So, the girl child and I are going to a special seminar this week. And tonight the husband and I went to a facilitated group discussion at her middle school to learn about talking to your child about sex and drugs. We didn't get to the drugs.

The doctor leading the group (PHD, not MD) works with pregnant teens. She talked about how a success in her workday is getting a mom to choose to put water in a baby bottle before soda, spending a couple of nights a week at home, rather than going out every single night. And how she engages the pregnant and new mom teens and elevates their esteem by having them travel around to schools and speak about their circumstances to share what they could have done differently.

She also shared that, as good as it is for the school teens to hear these girls stories, it is so much more important for these young moms themselves, as it can help to keep them from having second and third children while still in their teens.

Tonight I learned some staggering facts:

Over 80 percent of teen mothers drop out of school, never to return again.

Over 80 percent of teen fathers are out of the picture. Of the remaining 20 percent, most do not see their children even once a week.

Teen pregnancy costs the US 8 billion dollars a year.

There were so many more things. Like parents who address their fears by putting their daughters on the pill to "regulate their periods." Like parents who NEVER talk with their kids about sex. And parents who struggle, awkwardly, through the embarrassing and uncomfortable conversations because they love their kids so much. Like me.

So I'm gonna drag her to the "Heart to Heart" seminar. And we're gonna feel awkward and uncomfortable. And my baby is gonna grow up before I know it. And she will or will not have sex as a teen. And she will or will not end up in therapy blaming me for everything that ever happened to her.

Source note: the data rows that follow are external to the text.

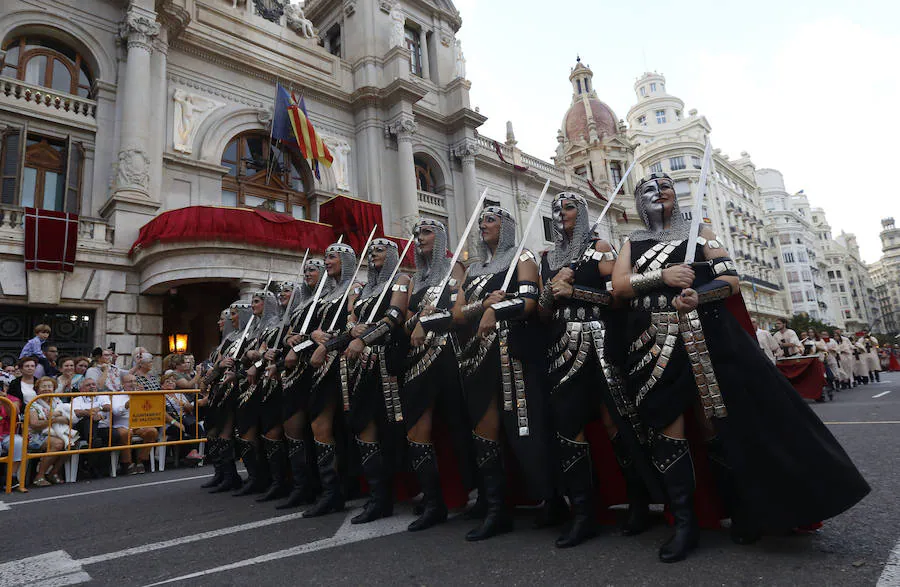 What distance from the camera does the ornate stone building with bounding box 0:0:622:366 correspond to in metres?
12.8

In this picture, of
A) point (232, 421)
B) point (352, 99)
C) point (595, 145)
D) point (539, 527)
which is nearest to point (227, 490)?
point (232, 421)

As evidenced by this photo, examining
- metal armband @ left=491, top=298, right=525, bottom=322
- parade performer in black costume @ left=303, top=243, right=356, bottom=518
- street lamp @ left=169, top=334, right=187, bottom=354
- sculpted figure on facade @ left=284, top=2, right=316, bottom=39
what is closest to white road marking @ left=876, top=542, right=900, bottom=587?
metal armband @ left=491, top=298, right=525, bottom=322

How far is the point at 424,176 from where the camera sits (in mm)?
23734

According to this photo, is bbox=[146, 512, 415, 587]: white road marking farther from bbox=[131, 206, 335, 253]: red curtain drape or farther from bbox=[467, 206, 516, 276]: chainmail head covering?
bbox=[131, 206, 335, 253]: red curtain drape

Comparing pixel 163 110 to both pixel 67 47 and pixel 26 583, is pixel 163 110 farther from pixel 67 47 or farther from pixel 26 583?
pixel 26 583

But she will not get to say, "No one ever talked about sex in my house."


Jaye said...

I applaud you for being so involved with your daughter, they have no idea how important it is for them to have that support.

I'm not sure if Adam ever told you but I was a teen parent. I freaked out and decided to have mine early (haha jk), but really though, lots of poor choices and not enough adult/mature insight in my life growing up.

I try my best to be there for my son though. I honestly can't see my life with out him right now.

Erica said...

No, sweets, our quiet friend did not share with me about your personal life. I am so glad you get to know your little man. If he is at all like his mother I'm sure he is as brilliant as he is beautiful.

One of my bestest girlie friends became a mom at 16 and her wonderful daughter is graduating this week.

Baby love is the best - though it is often not simple or easy.

Thank you for sharing this with me. =-) And for your kind words about my motherness.

Annagrace said...

We need more mamas that tell the truth--to their daughters and then also in public, so we can remind and/or prod each other along the way. Good and true words, as always, Mama Crummy.